Seattle, 20 anni dopo. Qual è il Green new deal che ci serve
Un grande mondo colorato, trascinato da metalmeccanici e ambientalisti. Poi uno strappo, e dal lato un turbine di farfalle nel cielo freddo del 30 novembre a Seattle. È una delle immagini più simboliche della battaglia per il pianeta combattuta da oltre 50 mila attivisti, indigeni, femministe, contadini e lavoratori che, in questi giorni di venti anni fa, bloccavano il vertice dell’Organizzazione Mondiale del Commercio.
Affermavano che «questo mondo non è in vendita» e che liberalizzare il commercio di per sé non è un valore. Pensavano che «globalizzando la lotta» si sarebbero sprigionati gli anticorpi necessari a resistere a quell’attacco sponsorizzato da quelle corporation che sarebbero state le uniche a guadagnarci. Dopo vent’anni, infatti, la Fao ci dice che 2 miliardi di persone non sanno se mangeranno tutti i giorni, mentre l’Unctad, agenzia dell’Onu che valuta commercio e sviluppo spiega che l’1% delle imprese più grandi capitalizza in media il 57% delle esportazioni di ciascun Paese.
Giuliano Amato, che nel 1999 era ministro del Tesoro, dopo il collasso della Wto disse che «globalizzazione non vuol dire mangiare tutti lo stesso hamburger, ma far convivere persone che pensano diversamente su ogni cosa e che pretendono legittimamente di dare le loro regole.
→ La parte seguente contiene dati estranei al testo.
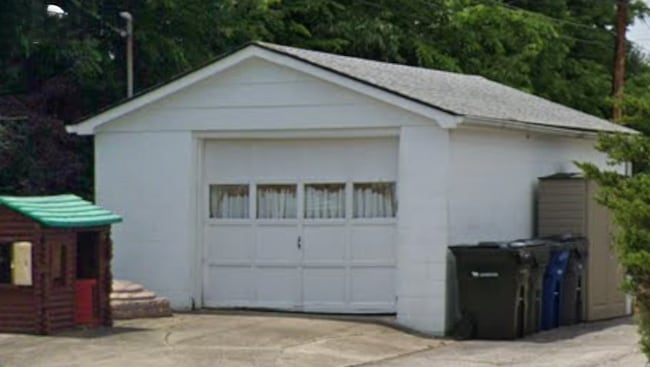 Building Photo - 2204 Winterberry Dr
Un mondo in cui tutte le diversità devono essere ritenute uguali, è un mondo che si condanna alla totale ingovernabilità. Seattle in questo può diventare simbolo e inizio del caos mondiale». I ragazzi dei Fridays for Future, scesi in piazza ieri a migliaia per il quarto sciopero globale per il clima, ci rimproverano di avergli lasciato un «mondo in fiamme» e hanno puntato il dito contro gli accordi commerciali come il Ceta e Ue-Mercosur, che facilitano lo scambio di combustibili inquinanti e Ogm, di prodotti frutto di dumping sociale e ambientale che, nel caso del Mercosur, potenziano deforestazione e repressione in Amazzonia.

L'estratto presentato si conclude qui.